> REQUIRED WORK
From the material below, set down exactly the lines that run from the one containing "120 Sunflower Circle, Royal" to the one containing "Не выбрасывайте картофельную", minus the pictures.

> DATA SHOWN
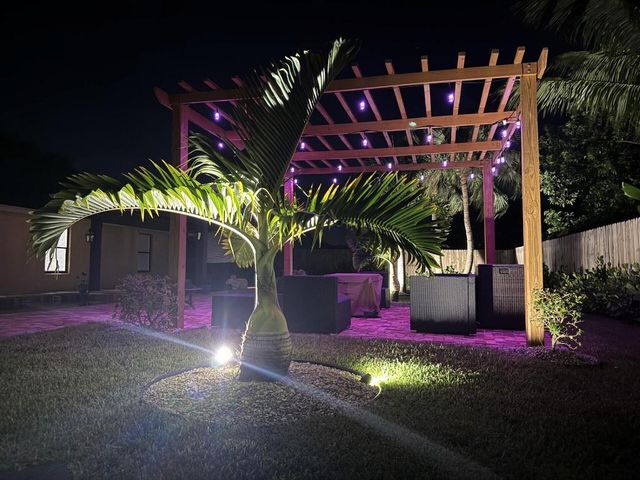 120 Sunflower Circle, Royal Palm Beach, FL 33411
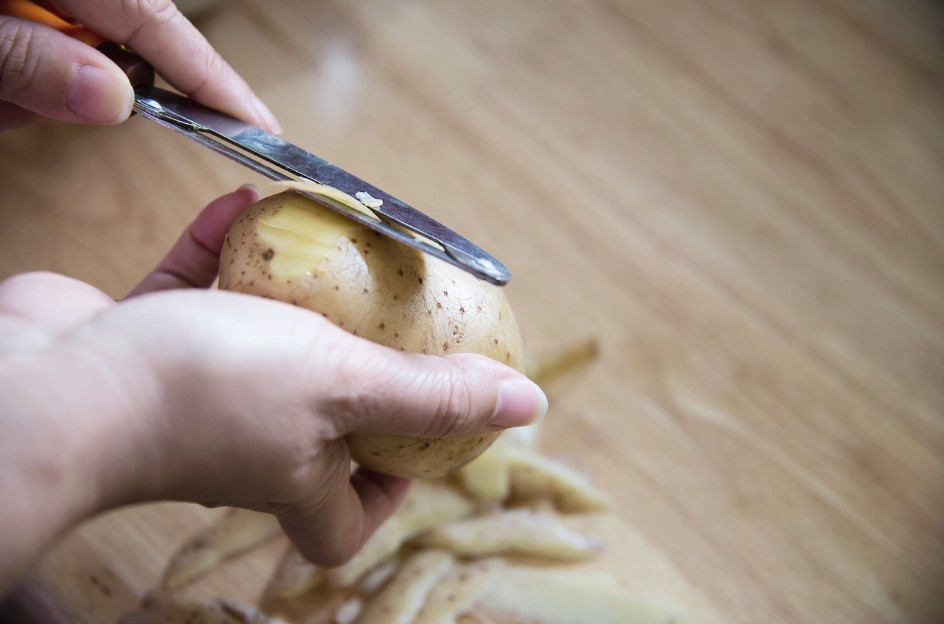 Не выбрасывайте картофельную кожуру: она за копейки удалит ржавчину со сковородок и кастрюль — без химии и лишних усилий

--

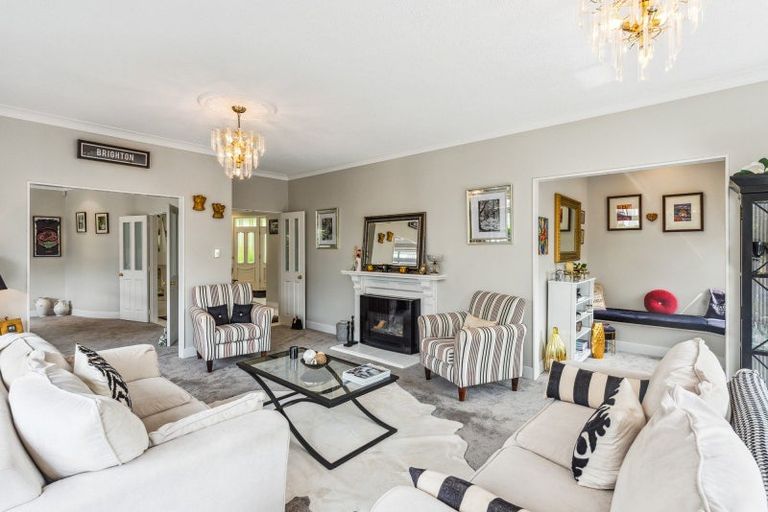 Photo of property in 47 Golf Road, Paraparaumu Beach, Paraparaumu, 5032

> FINISHED TASK
 120 Sunflower Circle, Royal Palm Beach, FL 33411
 Не выбрасывайте картофельную кожуру: она за копейки удалит ржавчину со сковородок и кастрюль — без химии и лишних усилий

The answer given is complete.